GIVEN INFORMATION:
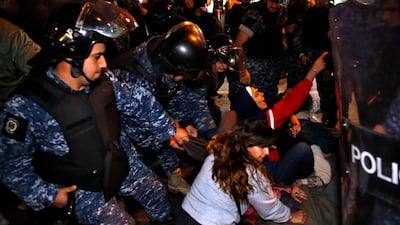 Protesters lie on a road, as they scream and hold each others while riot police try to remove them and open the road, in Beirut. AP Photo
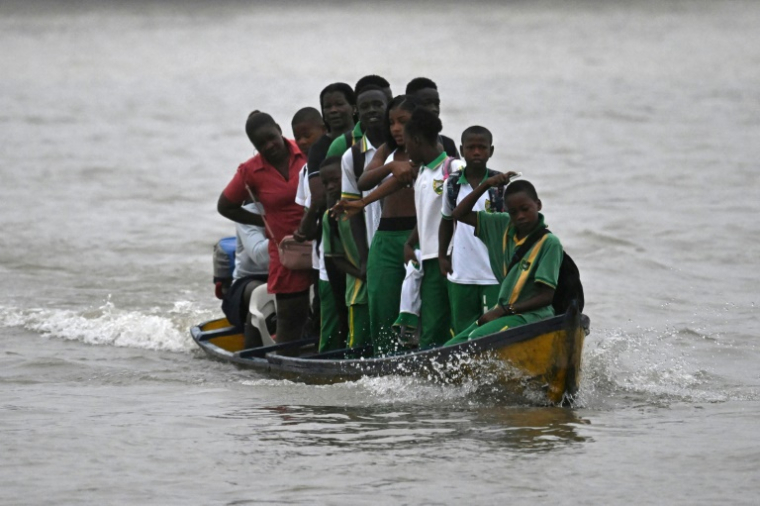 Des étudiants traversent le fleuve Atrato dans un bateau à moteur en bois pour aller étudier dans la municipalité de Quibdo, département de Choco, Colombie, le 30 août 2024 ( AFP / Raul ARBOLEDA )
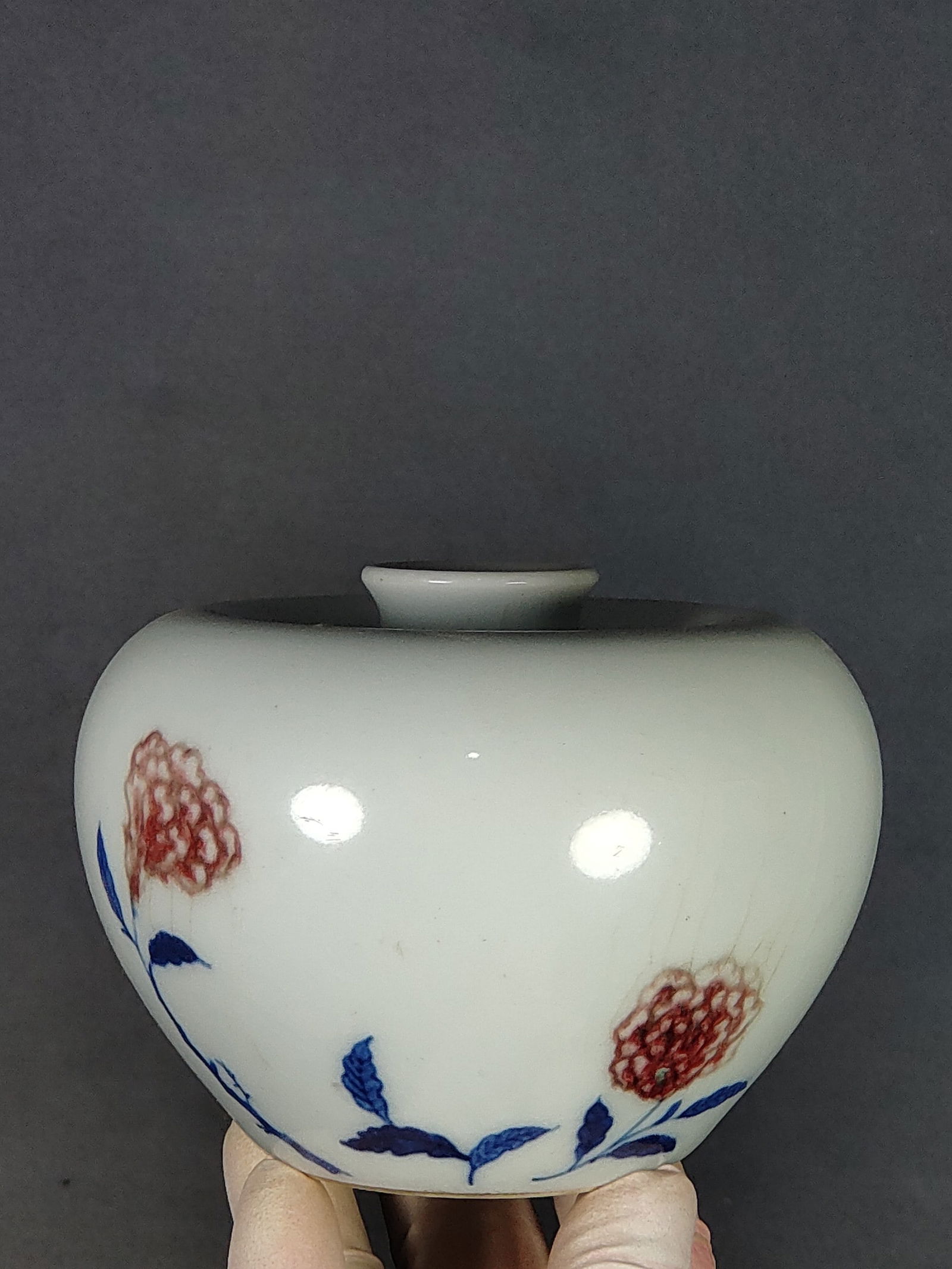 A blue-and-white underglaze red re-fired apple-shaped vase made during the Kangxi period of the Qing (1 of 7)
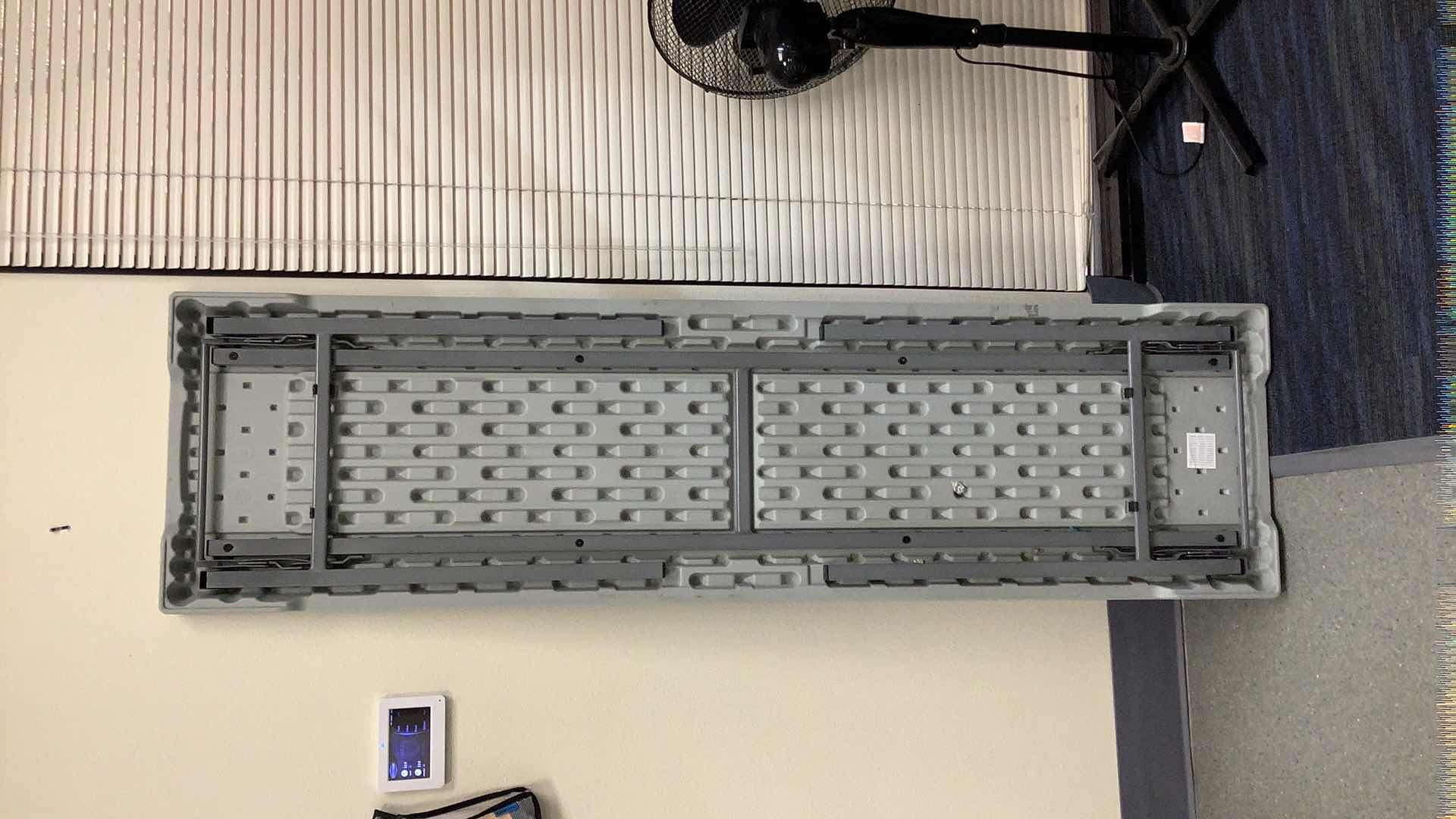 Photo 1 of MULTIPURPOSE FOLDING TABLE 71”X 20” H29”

TASK DIRECTIONS:
Nothing but the pictures should be left out when the material above is copied.

WRITTEN SOLUTION:
 Protesters lie on a road, as they scream and hold each others while riot police try to remove them and open the road, in Beirut. AP Photo
 Des étudiants traversent le fleuve Atrato dans un bateau à moteur en bois pour aller étudier dans la municipalité de Quibdo, département de Choco, Colombie, le 30 août 2024 ( AFP / Raul ARBOLEDA )
 A blue-and-white underglaze red re-fired apple-shaped vase made during the Kangxi period of the Qing (1 of 7)
 Photo 1 of MULTIPURPOSE FOLDING TABLE 71”X 20” H29”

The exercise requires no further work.